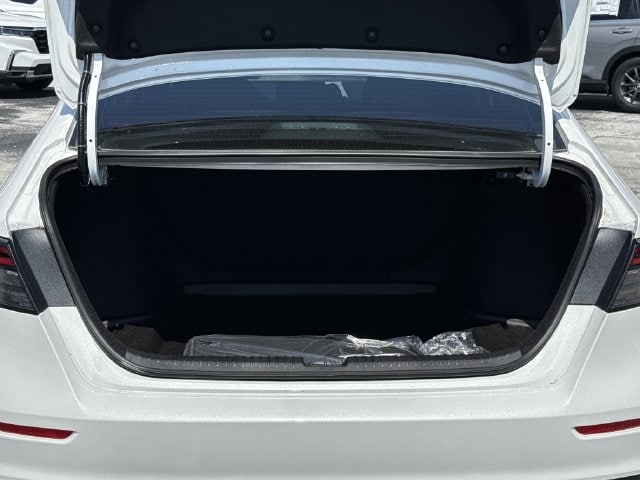 2025 Honda Accord LX - Photo 12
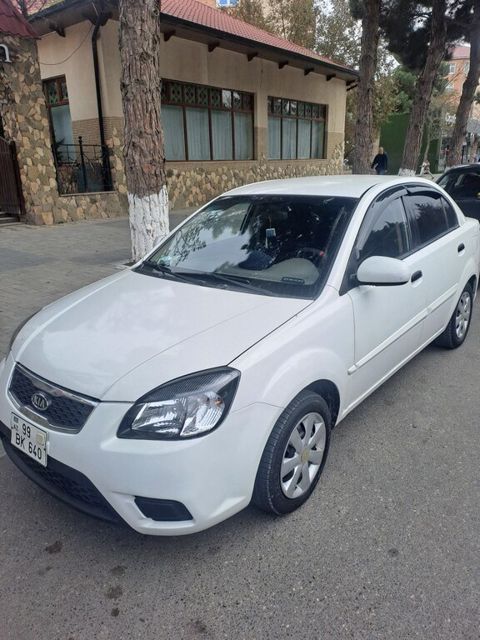 Kia Rio, 1.4 L, 2011 il, 259 000 km — Sumqayıt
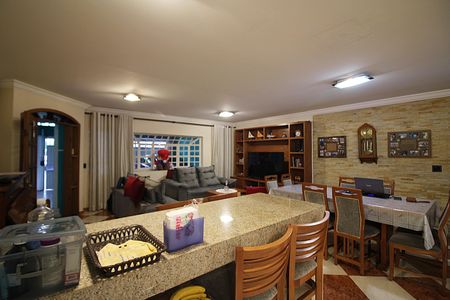 Casa à venda com 302m², 4 quartos e 3 vagasSala/Cozinha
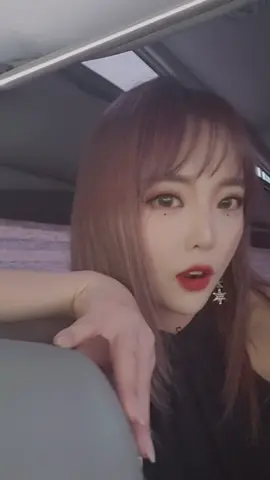차에서 대기중ㅋㅋㅋ #오늘뭐해요 #여러분?♡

- - -

WHAT THIS TASK INVOLVES:
Reproduce the listing exactly. Do not include its images.

PROBLEM SOLUTION:
 2025 Honda Accord LX - Photo 12
 Kia Rio, 1.4 L, 2011 il, 259 000 km — Sumqayıt
 Casa à venda com 302m², 4 quartos e 3 vagasSala/Cozinha
차에서 대기중ㅋㅋㅋ #오늘뭐해요 #여러분?♡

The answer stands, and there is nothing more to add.